• RECORDS FOR THE EXERCISE:
——
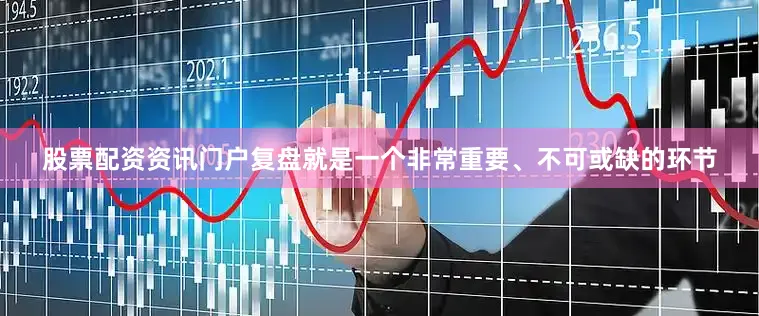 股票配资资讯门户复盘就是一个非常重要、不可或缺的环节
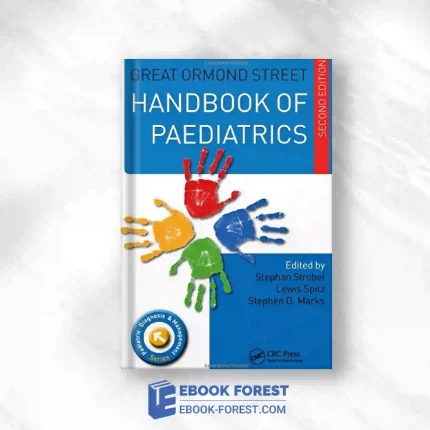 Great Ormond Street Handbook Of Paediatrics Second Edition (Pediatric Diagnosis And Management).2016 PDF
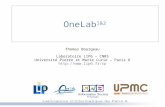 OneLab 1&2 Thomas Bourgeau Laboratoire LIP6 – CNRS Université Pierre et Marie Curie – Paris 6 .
——
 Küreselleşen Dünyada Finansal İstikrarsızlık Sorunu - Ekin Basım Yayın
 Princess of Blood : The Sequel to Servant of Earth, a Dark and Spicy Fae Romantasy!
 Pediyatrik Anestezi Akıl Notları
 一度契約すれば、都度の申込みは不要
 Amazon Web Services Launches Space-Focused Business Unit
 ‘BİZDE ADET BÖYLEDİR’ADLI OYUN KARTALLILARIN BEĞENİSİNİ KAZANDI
——
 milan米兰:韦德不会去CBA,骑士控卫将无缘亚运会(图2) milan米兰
——
• WHAT THE TASK ASKS: Transcribe, exactly and without pictures, everything in the data from the line with "股票配资资讯门户复盘就是一个非常重要、不可或缺的环节" down to the line with "OneLab 1&2 Thomas", both included.

• EXERCISE RESULT:
 股票配资资讯门户复盘就是一个非常重要、不可或缺的环节
 Great Ormond Street Handbook Of Paediatrics Second Edition (Pediatric Diagnosis And Management).2016 PDF
 OneLab 1&2 Thomas Bourgeau Laboratoire LIP6 – CNRS Université Pierre et Marie Curie – Paris 6 .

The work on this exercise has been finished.